When Hall returned to Alabama he resumed factory life, working for Reynolds Aluminum in Florence. When both his new bride and his father died within a two-week period, he lost interest in regular work and began moving around the area playing guitar, mandolin, and fiddle with a local group, Carmol Taylor and the Country Pals. The group appeared on a weekly regional radio show at WERH in Hamilton. Subsequently, Hall formed a new R&B group, the Fairlanes, with the saxophonist Billy Sherrill fronted by the singer Dan Penn, with Hall playing bass. He also began writing songs at that time.

Hall left the Fairlanes to concentrate on becoming a songwriter and record producer.
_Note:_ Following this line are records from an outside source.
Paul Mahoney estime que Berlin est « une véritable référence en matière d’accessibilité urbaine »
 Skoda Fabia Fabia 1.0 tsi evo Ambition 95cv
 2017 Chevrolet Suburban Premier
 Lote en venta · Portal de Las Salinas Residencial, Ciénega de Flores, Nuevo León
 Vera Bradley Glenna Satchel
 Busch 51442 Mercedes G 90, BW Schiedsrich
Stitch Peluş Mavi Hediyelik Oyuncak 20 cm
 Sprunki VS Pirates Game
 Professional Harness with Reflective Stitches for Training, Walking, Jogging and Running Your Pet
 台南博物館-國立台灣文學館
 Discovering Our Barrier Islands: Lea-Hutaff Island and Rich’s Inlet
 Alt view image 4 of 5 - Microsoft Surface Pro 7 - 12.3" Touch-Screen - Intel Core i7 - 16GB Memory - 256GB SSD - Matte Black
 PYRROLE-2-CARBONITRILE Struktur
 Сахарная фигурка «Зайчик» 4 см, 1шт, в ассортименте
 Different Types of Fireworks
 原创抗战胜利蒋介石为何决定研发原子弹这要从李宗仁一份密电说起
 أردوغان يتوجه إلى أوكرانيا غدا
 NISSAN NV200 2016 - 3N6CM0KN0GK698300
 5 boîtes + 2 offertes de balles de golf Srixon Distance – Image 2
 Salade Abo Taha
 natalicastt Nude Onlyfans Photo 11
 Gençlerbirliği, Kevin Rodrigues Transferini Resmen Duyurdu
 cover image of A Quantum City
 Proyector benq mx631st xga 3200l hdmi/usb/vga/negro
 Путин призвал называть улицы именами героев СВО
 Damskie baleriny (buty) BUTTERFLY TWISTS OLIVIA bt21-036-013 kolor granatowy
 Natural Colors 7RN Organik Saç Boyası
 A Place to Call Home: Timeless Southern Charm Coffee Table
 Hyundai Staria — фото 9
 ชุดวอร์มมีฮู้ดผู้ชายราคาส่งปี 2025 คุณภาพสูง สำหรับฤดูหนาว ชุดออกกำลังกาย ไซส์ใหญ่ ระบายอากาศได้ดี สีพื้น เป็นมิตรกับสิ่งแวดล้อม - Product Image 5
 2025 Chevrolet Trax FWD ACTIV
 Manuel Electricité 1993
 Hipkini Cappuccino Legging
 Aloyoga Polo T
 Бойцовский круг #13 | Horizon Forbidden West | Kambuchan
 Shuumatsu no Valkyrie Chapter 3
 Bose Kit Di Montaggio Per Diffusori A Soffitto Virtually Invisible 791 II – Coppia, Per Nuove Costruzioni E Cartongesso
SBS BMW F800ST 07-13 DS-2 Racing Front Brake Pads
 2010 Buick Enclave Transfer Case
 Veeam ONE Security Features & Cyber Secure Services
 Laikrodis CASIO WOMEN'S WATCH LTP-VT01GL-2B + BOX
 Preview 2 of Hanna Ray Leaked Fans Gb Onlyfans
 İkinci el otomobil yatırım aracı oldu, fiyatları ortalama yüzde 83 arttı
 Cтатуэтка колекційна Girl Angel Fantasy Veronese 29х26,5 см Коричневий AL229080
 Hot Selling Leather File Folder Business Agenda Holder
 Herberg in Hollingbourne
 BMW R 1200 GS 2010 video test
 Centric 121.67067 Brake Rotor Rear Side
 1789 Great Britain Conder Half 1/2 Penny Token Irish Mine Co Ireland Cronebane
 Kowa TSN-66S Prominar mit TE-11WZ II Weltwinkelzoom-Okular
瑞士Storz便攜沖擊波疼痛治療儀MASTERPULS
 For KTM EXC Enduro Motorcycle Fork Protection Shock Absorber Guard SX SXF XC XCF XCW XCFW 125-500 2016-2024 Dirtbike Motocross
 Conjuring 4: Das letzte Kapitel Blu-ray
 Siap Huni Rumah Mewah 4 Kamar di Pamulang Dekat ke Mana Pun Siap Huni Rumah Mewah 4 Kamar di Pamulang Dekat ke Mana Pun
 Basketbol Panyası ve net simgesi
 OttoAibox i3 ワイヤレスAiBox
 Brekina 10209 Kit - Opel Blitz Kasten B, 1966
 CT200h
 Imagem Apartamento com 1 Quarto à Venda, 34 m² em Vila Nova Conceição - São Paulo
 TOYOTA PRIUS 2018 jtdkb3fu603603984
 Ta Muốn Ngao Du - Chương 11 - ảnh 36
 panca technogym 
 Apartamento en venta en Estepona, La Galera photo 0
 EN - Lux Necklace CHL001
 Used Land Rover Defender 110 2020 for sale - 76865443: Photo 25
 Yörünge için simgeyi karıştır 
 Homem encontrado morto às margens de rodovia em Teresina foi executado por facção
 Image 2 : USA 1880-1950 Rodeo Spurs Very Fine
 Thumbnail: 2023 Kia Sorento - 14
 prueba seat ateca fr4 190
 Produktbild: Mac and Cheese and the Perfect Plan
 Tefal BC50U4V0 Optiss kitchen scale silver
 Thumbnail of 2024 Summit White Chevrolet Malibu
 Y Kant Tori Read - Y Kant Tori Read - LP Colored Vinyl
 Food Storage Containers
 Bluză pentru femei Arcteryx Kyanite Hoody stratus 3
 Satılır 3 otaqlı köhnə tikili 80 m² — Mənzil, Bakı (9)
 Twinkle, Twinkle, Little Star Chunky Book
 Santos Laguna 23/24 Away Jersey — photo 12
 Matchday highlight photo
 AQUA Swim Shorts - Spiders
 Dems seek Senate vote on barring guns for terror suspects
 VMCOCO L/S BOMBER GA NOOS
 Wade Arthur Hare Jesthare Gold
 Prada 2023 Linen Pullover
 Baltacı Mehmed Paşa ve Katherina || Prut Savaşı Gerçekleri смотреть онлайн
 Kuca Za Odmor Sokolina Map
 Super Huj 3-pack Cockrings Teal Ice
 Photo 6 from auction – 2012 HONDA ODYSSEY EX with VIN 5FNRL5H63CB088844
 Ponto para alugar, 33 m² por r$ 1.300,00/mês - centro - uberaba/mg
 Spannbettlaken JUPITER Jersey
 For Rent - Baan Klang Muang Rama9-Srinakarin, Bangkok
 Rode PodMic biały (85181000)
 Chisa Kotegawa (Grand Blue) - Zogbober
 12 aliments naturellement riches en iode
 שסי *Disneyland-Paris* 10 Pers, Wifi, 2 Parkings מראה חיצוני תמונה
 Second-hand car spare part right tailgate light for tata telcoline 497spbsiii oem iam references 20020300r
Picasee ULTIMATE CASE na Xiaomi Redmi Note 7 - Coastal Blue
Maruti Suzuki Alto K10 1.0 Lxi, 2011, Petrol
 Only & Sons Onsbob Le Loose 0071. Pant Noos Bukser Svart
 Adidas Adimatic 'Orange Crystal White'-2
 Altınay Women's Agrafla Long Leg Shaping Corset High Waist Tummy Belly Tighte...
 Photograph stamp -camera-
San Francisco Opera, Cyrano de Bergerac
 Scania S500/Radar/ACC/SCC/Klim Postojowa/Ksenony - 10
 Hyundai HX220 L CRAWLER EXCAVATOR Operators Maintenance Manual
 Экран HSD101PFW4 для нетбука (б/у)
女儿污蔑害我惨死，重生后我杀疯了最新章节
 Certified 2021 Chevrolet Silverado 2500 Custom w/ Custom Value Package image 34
He had his first songwriting successes in the late 1950s, when George Jones recorded his song “Achin’, Breakin’ Heart”, Brenda Lee recorded “She’ll Never Know”, and Roy Orbison recorded “Sweet and Innocent”.

Success With FAME Studios
In 1959, Hall and Sherrill accepted an offer from Tom Stafford, the owner of a recording studio, to help set up a new music publishing company in the town of Florence, to be known as Florence Alabama Music Enterprises, or FAME. However, in 1960, Sherrill and Stafford dissolved the partnership, leaving Hall with rights to the studio name. Hall then set up FAME Studios in Muscle Shoals, Alabama, where one of his first recordings was Arthur Alexander’s “You Better Move On”. The commercial success of the record gave Hall the financial resources to establish a new, larger FAME recording studio.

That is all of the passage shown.